An Investigation of Travel Time Pattern of T224 RapidKL Bus Using AVL Data
DOI:
https://doi.org/10.15282/jmmst.v6i1.7431Keywords:
predictive model, time series data, Taguchi's T Method, Travel Time PatternAbstract
Transit dependability is a measure of the quality of service provided by public transportation networks. The trip time distribution may represent the nature and pattern of travel time variability, and it is required in the reliability analysis. Predicting transit bus travel times along routes is essential in bus design and operation, particularly in metropolitan regions. Bus riders are more likely to trust a transportation system if journey times can be accurately anticipated within a given margin of error.

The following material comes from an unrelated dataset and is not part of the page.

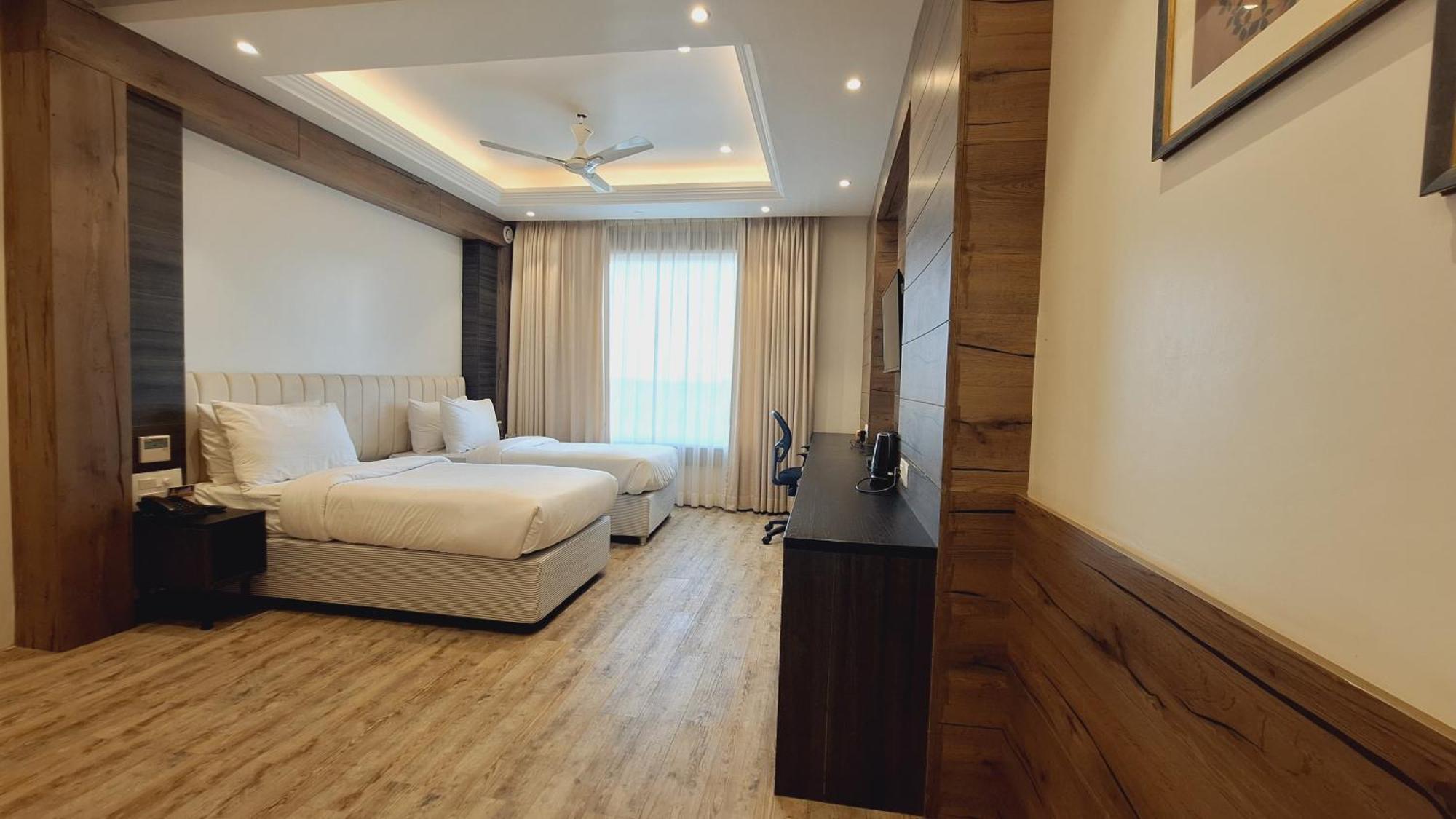 The Utopia Resort Sanchi Exterior photo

Many studies have been conducted to better understand travel time distribution, however there are very few studies on heterogeneous traffic in emerging countries such as Malaysia. In this work, the Taguchi T- technique and linear regression scales were used to evaluate the journey time distribution of public bus route T224 utilising AVL data. To increase the accuracy of applications, a prediction mechanism should be developed. Finally, a formulation was constructed to test the influence of side roads on prediction accuracy, and it was discovered that the additional need in terms of location-based data had no discernible effect on prediction accuracy. This clearly proved that the suggested method based on vehicle tracking data is adequate for the contemplated use of bus trip time prediction.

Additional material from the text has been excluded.